И уже на родном языке:
– Адай! Прочь! Ко мне иди!
Но Олена и пес вошли в раж. Адай кружил вокруг коня, кусал за ляжки, за брюхо. Конь отчаянно ржал, взбрыкивал, лягался, но пес всякий раз ловко увертывался и
И все же Киркей изловчился, схватил его за холку, оттащил с поляны, придавил коленом. Адай не сдавался, норовил полоснуть зубами, царапал когтями землю, визжал. Но Киркей держал его крепко. Подоспевшие на помощь воины помогли связать лапы пса арканом.
А Олена не отставала от Тайнаха. Удерживая одной рукой коня под уздцы, второй она тянула езсерского бега за кафтан, пытаясь стащить его с седла.
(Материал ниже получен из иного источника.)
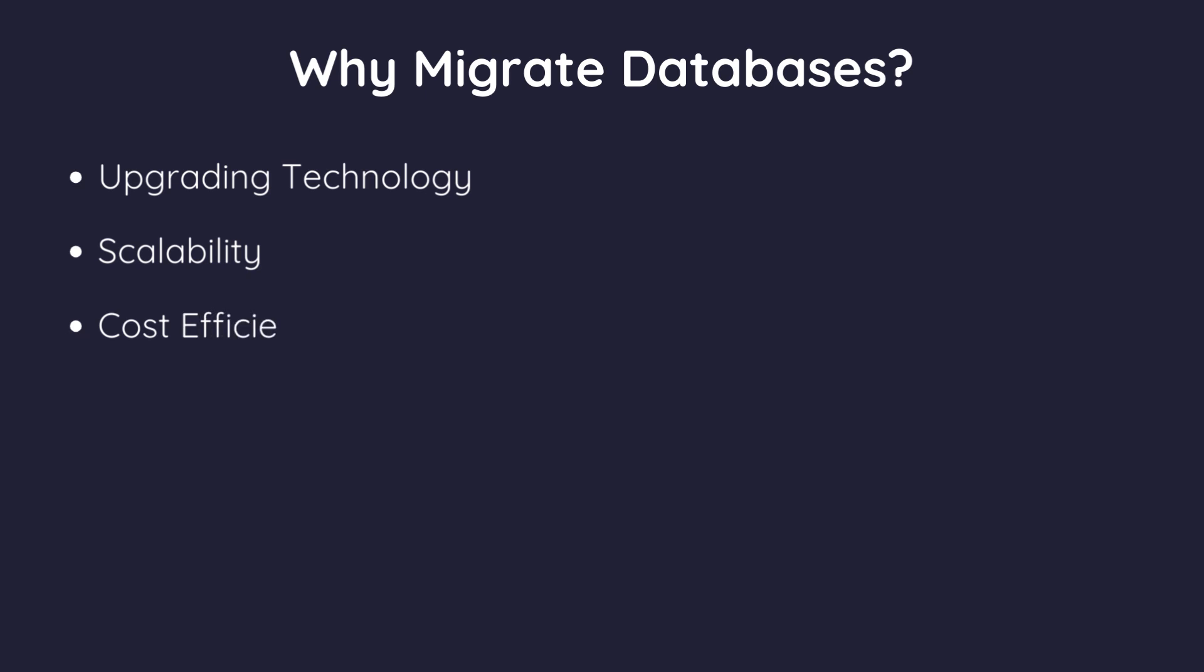Cost efficiency. Sometimes migrating to a different database system can save money on licenses or maintenance. Consolidation. If your organization has multiple databases, you might want to combine them into a single, unified system for easier management.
А он хохотал, изворачивался, как горностай, отпихивался ногой. Только напрасно. Олена вцепилась в него мертвой хваткой. Правда, уже не голосила, а, сопя, бормотала под нос проклятья.
И тогда Тайнах изловчился, вздернул ее за косу вверх и перебросил через седло. Рванул рубаху, обнажив молочно-белое тело. Олена завизжала, но Тайнах пришпорил коня, и тот понес его в степь. Следом, с места в галоп, рванулась его дружина. Вздрогнула земля от топота сотен копыт, веером взметнулись мелкие камни. И как водой смыло, порывом ветра снесло войско езсерского бега. Айдына растерянно смотрела вслед. Последняя ниточка – Олена, связывавшая ее с острогом, – оборвалась…
Глава 6
Темной ночью, обмотав копыта лошадей кошмами, отряд Киркея вошел в аал. Вошел скрытно, как велела Ончас. Старуха встретила их возле юрты, словно и не уходила с той поры, как они отправились за Айдыной. Девушка скользнула в юрту, Ончас – за ней. И только тогда бросилась к внучке. Обняла ее за плечи, строго взглянула прямо в глаза, спросила:
– Ты готова?
Айдына молча кивнула. И тогда Ончас зашлась в тихом плаче. Всхлипывая, она гладила внучку по лицу, перебирала ее волосы. Но недолго плакала. Отстранилась и поджала губы, мигом превратившись в прежнюю Ончас.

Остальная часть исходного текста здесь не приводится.